As shown in Figure 29 and Figure 30, at t = 67.9 μs, the “/” spanwise wave peak of the sixth vertical surface wave peak undergoes a depression under the effect of the crossflow, and the local vertical wave structure on the “/” spanwise wave peak is further deepened. The seventh vertical surface wave peak, with an angle of about 30° to the left, has already appeared, on which there are still significant spanwise surface waves. The left second valley between the fourth and fifth vertical surface wave peaks in red circle begins to break. There is only a thin strip of liquid between the left half of the third and fourth vertical surface wave peaks. ⑥ and ⑦ refer to the sixth and seventh vertical surface wave peaks.

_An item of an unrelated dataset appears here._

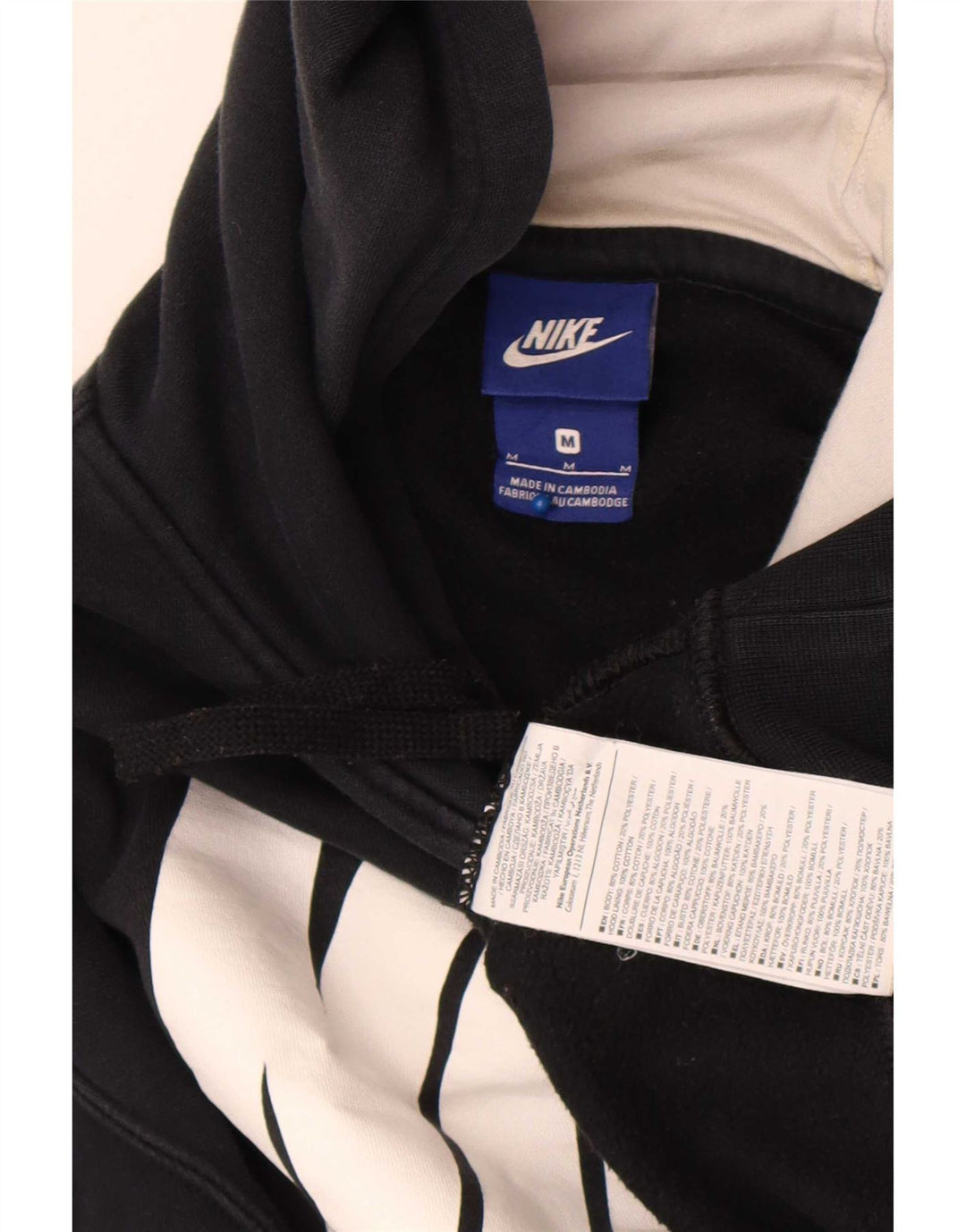Męski sweter z kapturem Nike z grafiką, średni czarny, bawełniany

As shown in Figure 31 and Figure 32, at t = 70.0 μs, the “/” spanwise peak of the sixth vertical surface wave increases in size, while the shape is hardly changed, and the “\” spanwise peak of the sixth vertical surface wave becomes torn at the local vertical wave valley on the basis of the local vertical wave structure. The seventh vertical surface wave continues to develop, whose rightmost valley has the most severe deformation. The left second valley between the fourth and fifth vertical surface wave peaks in red circle disintegrates completely. Meanwhile, the left half of the third and fourth surface wave peaks are disconnected completely. ⑥ and ⑦ refer to the sixth and seventh vertical surface wave peaks.

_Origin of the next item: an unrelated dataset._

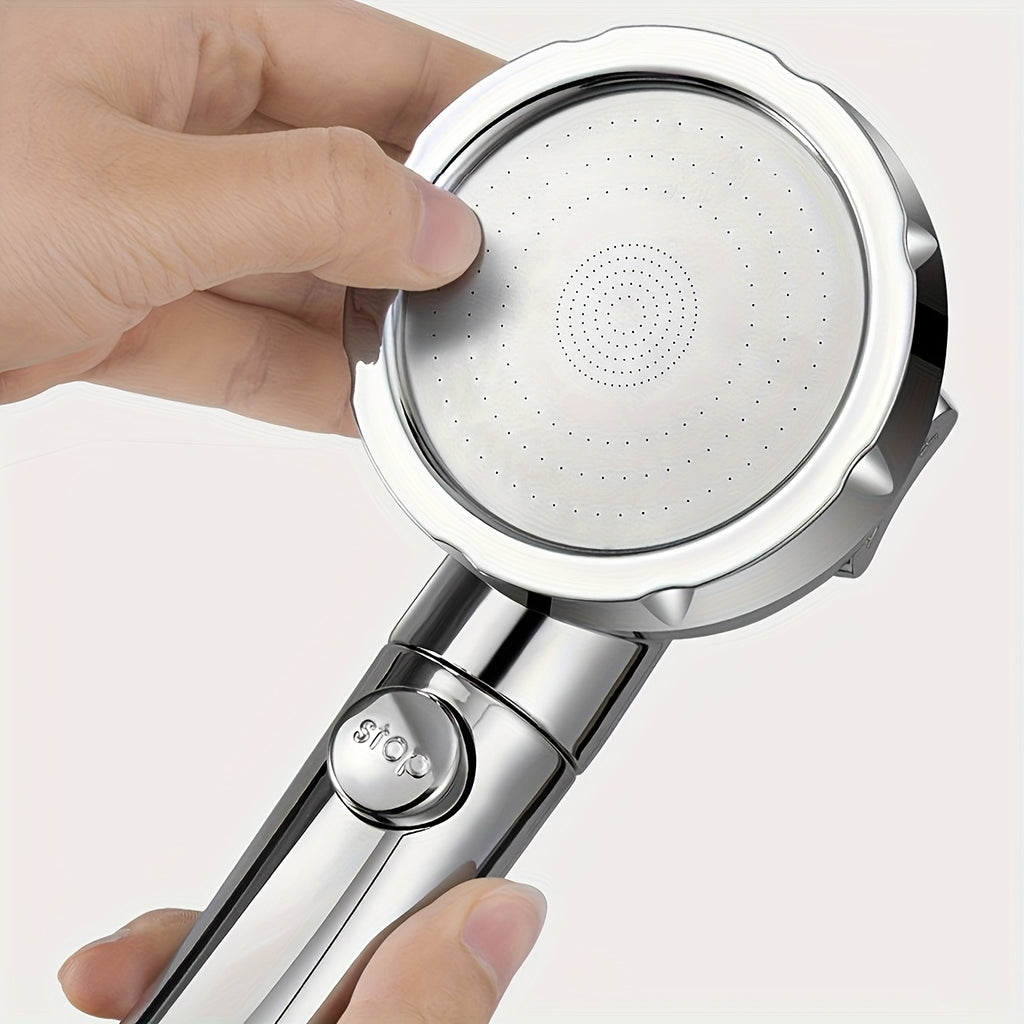 High Pressure Handheld Shower Head Set with Pause Function - 3 Spray Modes, Adjustable Angle Holder & Hose, Detachable, Perfect Bathroom Accessory - Polished Finish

As shown in Figure 33 and Figure 34, at t = 71.9 μs, the sixth vertical surface wave disintegrates completely in the spanwise direction, leaving only a small protrusion. The seventh vertical surface wave develops further and the rightmost valley remains the largest spanwise valley on the seventh vertical surface wave. The right first valley between the fourth and fifth vertical surface wave peaks in red circle is already broken. The remaining banded liquid on the left side of the third vertical surface wave disintegrates, breaking up into many ligaments and large droplets from the continuous banded liquid. ⑥ and ⑦ refer to the sixth and seventh vertical surface wave peaks.
As shown in Figure 35 and Figure 36, at t = 73.9 μs, the remaining protrusion structure of the sixth vertical surface wave still exists and continues to develop with the jet. The rightmost valley of the seventh vertical surface wave undergoes significant changes, with droplets shedding, while the other spanwise surface waves show little change. The eighth vertical surface wave is in its nascent stage, with a small scale and regular shape. The right first valley between the fourth and fifth vertical surface wave peaks in red circle is almost completely riven. The third vertical surface wave peak dissipates by more than half, while there is still residual liquid of the second vertical surface wave on it that has not yet fallen off. ⑥ to ⑧ refer to the sixth to eighth vertical surface wave peaks.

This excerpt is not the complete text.